● **DATASET EXTRACT**:

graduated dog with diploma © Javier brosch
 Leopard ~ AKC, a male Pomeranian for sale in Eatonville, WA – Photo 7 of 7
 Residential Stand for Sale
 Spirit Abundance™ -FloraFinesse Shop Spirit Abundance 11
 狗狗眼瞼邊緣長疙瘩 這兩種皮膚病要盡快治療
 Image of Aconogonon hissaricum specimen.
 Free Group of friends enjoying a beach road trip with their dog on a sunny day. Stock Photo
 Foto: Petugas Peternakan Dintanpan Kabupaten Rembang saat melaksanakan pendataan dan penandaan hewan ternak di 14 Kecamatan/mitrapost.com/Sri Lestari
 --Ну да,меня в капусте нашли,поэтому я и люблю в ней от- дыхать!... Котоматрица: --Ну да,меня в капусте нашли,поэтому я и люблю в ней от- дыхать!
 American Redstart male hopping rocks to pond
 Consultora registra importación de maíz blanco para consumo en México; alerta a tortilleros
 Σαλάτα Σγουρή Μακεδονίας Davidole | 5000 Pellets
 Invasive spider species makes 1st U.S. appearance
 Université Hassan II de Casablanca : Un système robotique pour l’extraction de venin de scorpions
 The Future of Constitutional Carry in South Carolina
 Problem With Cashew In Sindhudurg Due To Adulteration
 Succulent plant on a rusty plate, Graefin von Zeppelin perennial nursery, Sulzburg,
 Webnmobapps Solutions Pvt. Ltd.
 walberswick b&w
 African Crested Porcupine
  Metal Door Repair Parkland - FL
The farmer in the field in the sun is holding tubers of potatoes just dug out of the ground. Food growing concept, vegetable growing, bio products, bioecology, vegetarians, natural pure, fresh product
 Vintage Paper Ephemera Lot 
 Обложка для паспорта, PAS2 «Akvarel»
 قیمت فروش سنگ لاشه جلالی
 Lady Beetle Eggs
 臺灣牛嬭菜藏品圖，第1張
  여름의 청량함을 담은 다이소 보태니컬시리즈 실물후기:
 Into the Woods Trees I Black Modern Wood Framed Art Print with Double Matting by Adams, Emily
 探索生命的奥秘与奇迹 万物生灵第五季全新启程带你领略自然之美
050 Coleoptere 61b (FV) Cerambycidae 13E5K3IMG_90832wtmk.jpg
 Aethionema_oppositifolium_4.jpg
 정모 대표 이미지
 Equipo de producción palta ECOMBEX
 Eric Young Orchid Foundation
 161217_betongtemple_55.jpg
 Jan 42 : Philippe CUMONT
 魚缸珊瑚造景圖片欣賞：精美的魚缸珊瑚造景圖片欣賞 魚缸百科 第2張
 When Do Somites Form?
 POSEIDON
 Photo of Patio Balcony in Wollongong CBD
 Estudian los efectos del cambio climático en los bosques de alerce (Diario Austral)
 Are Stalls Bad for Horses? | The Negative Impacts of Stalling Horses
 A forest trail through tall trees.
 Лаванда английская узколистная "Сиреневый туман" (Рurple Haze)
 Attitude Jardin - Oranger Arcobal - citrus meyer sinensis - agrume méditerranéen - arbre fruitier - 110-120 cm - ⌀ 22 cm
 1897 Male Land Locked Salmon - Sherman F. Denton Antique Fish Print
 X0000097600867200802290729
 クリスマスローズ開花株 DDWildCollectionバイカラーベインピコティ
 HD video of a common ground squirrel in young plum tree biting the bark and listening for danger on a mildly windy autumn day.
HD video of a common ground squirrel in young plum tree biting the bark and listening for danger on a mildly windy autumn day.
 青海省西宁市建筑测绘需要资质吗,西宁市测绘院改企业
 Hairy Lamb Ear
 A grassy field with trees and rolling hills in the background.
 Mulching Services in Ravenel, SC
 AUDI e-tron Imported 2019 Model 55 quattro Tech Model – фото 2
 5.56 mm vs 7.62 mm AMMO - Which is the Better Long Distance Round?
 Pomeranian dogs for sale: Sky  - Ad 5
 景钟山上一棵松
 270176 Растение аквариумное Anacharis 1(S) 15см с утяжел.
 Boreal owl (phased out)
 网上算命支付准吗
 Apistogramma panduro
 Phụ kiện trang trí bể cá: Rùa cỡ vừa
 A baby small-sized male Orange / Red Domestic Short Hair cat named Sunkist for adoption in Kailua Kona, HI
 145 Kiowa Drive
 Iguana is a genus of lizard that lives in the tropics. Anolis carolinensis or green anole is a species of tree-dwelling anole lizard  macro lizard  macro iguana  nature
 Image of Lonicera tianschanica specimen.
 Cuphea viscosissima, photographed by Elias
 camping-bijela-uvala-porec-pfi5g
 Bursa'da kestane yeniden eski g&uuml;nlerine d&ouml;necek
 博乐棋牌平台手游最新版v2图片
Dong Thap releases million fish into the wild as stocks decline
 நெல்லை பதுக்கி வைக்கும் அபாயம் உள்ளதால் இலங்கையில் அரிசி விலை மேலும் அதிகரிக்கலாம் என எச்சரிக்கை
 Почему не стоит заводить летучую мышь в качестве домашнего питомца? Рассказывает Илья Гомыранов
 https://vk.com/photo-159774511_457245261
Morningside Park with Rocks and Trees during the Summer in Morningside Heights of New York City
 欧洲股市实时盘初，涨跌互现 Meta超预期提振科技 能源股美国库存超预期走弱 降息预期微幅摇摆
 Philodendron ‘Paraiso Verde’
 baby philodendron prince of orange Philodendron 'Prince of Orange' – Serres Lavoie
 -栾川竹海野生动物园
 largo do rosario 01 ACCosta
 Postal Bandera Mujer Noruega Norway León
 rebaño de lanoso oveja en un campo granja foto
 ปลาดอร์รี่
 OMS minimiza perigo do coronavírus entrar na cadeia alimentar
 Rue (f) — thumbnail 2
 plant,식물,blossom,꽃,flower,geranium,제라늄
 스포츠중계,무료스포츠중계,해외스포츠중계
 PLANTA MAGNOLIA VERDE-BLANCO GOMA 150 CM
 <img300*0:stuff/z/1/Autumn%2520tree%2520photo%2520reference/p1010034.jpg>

● **TASK PROMPT**:
Restate word for word the entries above, starting at the line with "Morningside Park with" and ending at the line with "스포츠중계,무료스포츠중계,해외스포츠중계", inclusive, and no others.

● **OUTPUT**:
Morningside Park with Rocks and Trees during the Summer in Morningside Heights of New York City
 欧洲股市实时盘初，涨跌互现 Meta超预期提振科技 能源股美国库存超预期走弱 降息预期微幅摇摆
 Philodendron ‘Paraiso Verde’
 baby philodendron prince of orange Philodendron 'Prince of Orange' – Serres Lavoie
 -栾川竹海野生动物园
 largo do rosario 01 ACCosta
 Postal Bandera Mujer Noruega Norway León
 rebaño de lanoso oveja en un campo granja foto
 ปลาดอร์รี่
 OMS minimiza perigo do coronavírus entrar na cadeia alimentar
 Rue (f) — thumbnail 2
 plant,식물,blossom,꽃,flower,geranium,제라늄
 스포츠중계,무료스포츠중계,해외스포츠중계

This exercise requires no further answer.